§ What you have to do: Examine the records and identify each line that includes the string "який". Copy those lines.

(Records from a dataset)
* * * * * * *

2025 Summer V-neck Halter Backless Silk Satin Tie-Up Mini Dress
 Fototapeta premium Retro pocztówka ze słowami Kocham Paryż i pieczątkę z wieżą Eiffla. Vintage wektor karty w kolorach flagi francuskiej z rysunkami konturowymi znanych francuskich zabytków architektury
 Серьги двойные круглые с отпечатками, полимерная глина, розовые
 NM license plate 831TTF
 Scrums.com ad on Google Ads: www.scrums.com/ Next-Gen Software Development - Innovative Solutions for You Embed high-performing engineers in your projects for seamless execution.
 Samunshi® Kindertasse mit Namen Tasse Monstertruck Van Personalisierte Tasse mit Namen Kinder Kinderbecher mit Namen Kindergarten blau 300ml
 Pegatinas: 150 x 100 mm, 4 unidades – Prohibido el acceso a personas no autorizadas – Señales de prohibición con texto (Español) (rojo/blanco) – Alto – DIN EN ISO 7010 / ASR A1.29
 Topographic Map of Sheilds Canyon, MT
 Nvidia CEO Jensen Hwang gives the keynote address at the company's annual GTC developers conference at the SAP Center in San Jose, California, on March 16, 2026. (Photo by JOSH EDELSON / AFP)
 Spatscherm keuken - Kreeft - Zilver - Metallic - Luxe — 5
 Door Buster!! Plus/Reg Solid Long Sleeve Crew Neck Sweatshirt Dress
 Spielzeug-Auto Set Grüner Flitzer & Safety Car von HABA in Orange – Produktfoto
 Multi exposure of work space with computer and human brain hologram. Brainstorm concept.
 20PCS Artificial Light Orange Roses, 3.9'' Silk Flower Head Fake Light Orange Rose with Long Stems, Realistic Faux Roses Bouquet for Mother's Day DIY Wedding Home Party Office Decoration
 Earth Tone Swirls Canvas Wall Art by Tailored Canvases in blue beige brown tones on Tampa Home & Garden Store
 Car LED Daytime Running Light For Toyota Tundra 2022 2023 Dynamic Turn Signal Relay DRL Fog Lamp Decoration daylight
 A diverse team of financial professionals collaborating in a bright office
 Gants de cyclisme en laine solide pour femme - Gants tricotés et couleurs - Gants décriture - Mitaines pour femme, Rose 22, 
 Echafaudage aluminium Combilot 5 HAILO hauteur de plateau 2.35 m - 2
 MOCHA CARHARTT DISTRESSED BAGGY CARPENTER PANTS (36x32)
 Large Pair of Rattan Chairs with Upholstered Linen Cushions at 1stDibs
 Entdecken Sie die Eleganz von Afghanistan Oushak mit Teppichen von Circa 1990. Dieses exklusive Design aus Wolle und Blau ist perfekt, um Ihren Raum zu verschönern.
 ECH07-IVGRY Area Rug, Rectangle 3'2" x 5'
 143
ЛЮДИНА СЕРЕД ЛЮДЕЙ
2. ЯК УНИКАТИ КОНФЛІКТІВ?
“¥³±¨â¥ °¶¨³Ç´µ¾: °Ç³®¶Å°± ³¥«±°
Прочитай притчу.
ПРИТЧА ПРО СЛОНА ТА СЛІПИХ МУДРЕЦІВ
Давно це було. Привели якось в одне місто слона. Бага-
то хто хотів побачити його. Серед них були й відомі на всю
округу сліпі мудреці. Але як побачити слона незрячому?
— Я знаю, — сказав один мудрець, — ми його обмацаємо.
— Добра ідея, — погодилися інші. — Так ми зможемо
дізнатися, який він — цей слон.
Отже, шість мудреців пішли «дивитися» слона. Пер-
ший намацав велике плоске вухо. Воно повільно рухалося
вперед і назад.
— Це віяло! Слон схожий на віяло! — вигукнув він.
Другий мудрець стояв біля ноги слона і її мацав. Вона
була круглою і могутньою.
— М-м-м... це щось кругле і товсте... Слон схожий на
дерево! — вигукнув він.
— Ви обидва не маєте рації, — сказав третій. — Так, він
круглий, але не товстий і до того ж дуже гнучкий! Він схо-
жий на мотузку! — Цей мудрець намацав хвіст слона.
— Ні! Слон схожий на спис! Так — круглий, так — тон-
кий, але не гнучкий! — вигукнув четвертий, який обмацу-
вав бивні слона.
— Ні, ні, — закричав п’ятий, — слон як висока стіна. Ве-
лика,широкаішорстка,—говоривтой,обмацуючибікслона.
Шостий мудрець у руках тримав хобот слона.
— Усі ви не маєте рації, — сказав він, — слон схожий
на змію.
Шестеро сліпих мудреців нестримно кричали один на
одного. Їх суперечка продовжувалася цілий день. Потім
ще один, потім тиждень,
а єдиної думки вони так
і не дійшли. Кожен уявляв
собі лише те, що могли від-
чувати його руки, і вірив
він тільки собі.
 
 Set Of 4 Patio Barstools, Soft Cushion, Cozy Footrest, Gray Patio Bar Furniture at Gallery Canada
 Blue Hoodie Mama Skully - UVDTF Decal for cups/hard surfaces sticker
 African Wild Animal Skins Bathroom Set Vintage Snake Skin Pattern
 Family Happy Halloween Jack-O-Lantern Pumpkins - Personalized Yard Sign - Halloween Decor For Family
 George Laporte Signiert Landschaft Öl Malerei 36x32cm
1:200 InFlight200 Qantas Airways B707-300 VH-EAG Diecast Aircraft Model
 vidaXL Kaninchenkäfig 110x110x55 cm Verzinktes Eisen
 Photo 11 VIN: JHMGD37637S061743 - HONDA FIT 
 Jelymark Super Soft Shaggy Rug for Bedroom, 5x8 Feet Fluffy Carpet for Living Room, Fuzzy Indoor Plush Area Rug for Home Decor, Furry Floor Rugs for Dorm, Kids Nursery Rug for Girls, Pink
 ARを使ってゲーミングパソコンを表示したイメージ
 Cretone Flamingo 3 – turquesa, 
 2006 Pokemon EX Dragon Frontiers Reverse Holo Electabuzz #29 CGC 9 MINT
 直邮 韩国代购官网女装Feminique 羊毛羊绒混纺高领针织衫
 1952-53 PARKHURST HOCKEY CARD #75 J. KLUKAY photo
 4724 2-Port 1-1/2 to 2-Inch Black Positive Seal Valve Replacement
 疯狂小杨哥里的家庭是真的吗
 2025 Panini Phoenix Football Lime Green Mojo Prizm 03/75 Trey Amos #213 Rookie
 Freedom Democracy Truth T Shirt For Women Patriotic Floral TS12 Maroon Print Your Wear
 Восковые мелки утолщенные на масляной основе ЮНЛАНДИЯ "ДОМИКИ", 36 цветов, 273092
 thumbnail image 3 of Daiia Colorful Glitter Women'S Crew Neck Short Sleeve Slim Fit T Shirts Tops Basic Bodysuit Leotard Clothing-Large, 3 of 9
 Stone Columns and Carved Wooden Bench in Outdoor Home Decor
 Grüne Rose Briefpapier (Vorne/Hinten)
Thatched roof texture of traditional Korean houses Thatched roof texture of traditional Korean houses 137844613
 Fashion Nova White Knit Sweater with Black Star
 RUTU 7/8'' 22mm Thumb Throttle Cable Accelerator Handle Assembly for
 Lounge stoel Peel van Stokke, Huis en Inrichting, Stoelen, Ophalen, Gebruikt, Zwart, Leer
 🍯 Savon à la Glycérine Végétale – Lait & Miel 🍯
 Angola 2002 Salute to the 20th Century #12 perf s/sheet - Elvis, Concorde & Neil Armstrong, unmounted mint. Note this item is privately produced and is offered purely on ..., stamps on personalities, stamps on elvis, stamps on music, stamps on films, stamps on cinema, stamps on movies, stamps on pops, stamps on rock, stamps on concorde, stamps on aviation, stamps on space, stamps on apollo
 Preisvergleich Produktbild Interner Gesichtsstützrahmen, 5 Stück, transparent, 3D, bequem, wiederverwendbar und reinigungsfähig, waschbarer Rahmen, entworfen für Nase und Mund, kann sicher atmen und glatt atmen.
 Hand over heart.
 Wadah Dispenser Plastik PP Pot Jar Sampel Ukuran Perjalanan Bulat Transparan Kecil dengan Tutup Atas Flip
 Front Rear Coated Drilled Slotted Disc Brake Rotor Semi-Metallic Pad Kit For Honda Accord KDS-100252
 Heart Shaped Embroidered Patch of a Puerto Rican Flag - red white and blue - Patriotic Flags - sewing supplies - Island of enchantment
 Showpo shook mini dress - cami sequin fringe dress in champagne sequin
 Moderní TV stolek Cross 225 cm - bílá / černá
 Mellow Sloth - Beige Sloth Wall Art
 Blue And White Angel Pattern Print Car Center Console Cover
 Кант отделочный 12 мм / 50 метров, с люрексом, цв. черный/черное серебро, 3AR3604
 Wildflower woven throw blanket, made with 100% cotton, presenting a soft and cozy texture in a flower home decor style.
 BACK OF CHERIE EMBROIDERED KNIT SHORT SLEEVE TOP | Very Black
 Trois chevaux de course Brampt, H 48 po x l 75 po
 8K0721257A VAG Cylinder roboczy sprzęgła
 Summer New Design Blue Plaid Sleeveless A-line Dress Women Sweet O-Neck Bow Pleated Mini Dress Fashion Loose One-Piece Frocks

* * * * * * *

§ Solution for this task:
дізнатися, який він — цей слон.
кий, але не гнучкий! — вигукнув четвертий, який обмацу-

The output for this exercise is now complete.